Starting at the first entry below, repeat all the data word for word and drop the pictures.

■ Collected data
= Beginning of Section =
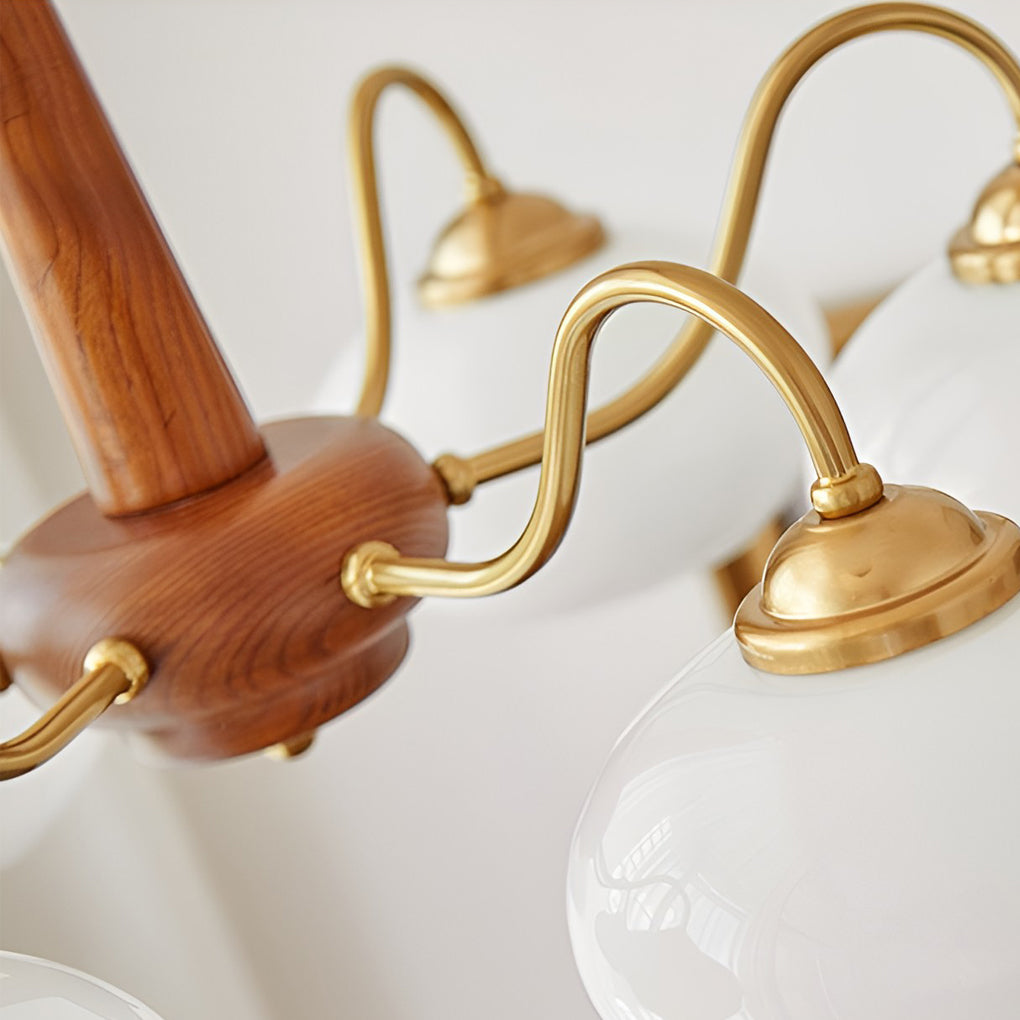 Black walnut brass chandelier with detailed view of its brass arms and shades.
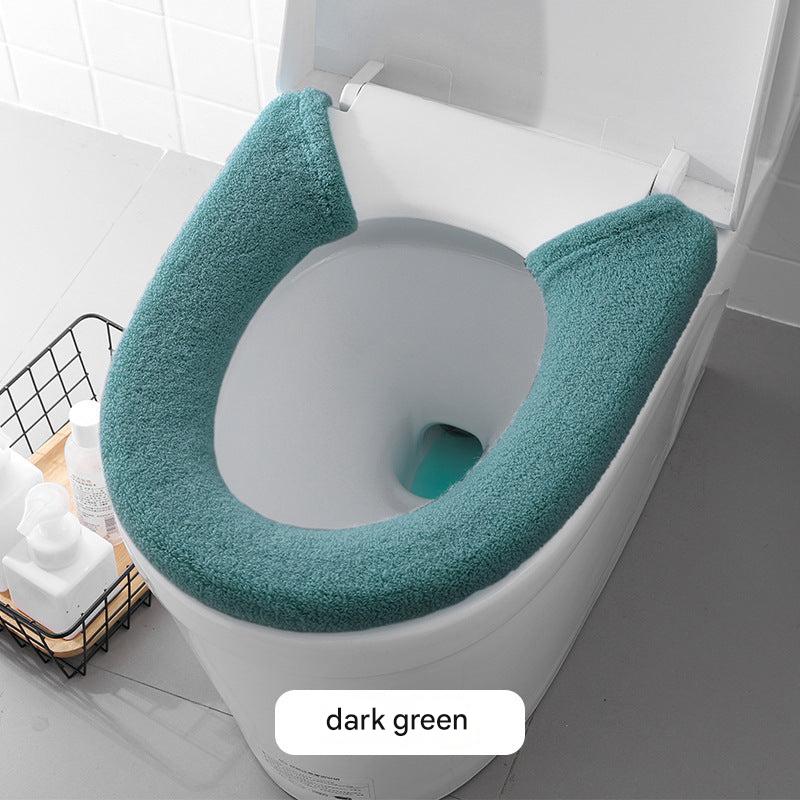 grey plush toilet seat cover with button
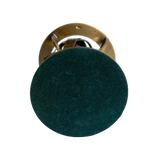A round dark green velvet or suede-covered knob with a polished gold metal backplate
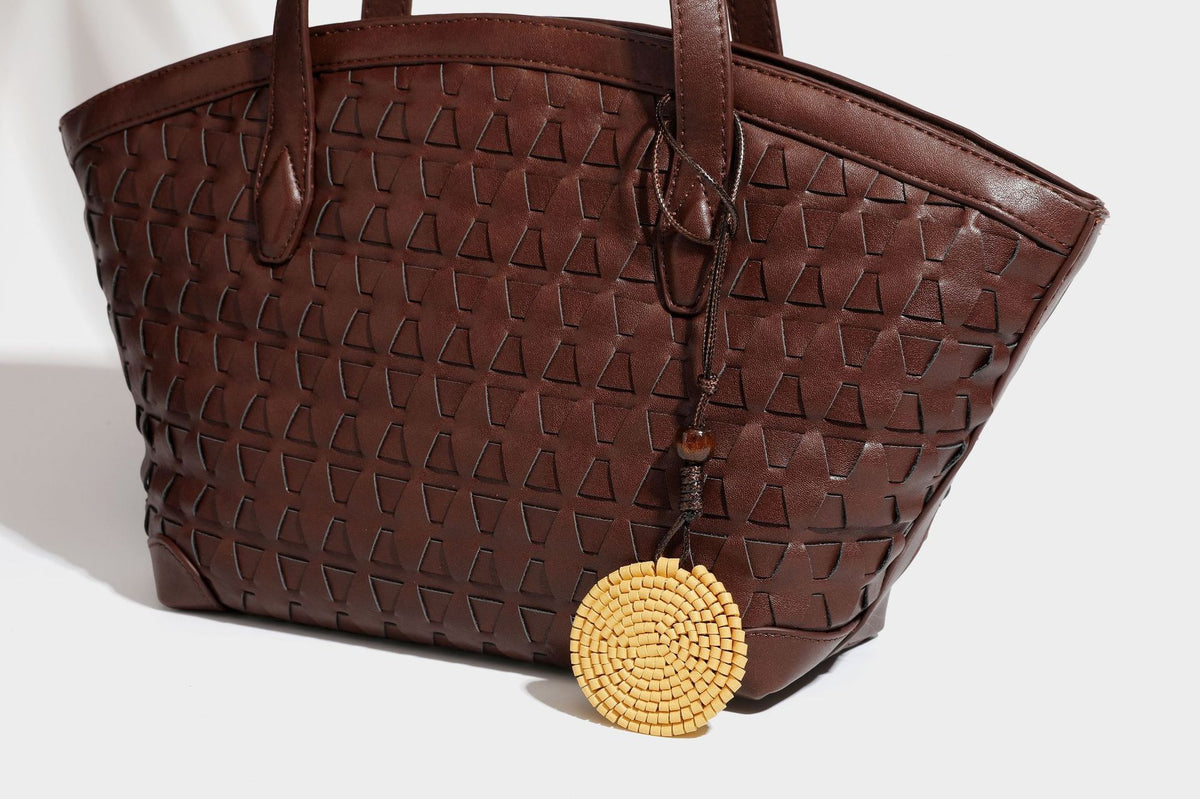 Large leather-look tote bag with geometric woven emboss, double shoulder straps, and round woven cord charm in brown, detail
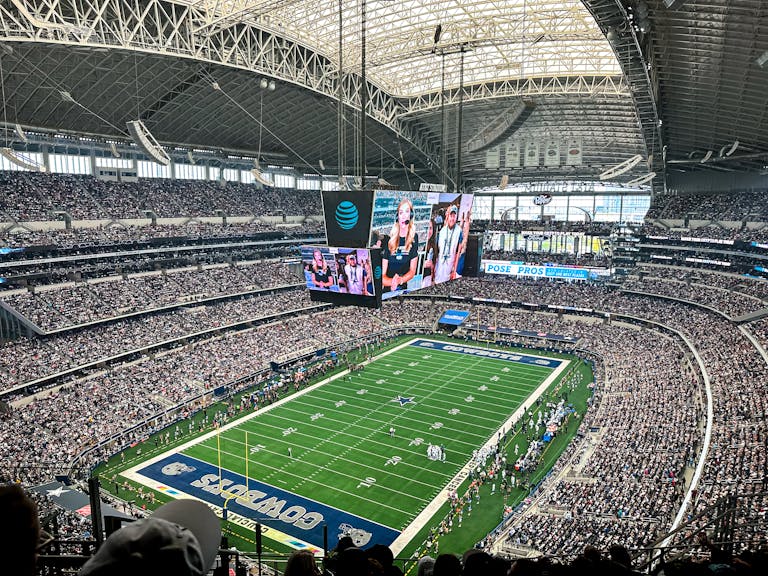 A packed AT&T Stadium in Arlington, Texas, showcasing a thrilling football game with enthusiastic fans.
= End of Section =
■ Written response
 Black walnut brass chandelier with detailed view of its brass arms and shades.
 grey plush toilet seat cover with button
A round dark green velvet or suede-covered knob with a polished gold metal backplate
 Large leather-look tote bag with geometric woven emboss, double shoulder straps, and round woven cord charm in brown, detail
 A packed AT&T Stadium in Arlington, Texas, showcasing a thrilling football game with enthusiastic fans.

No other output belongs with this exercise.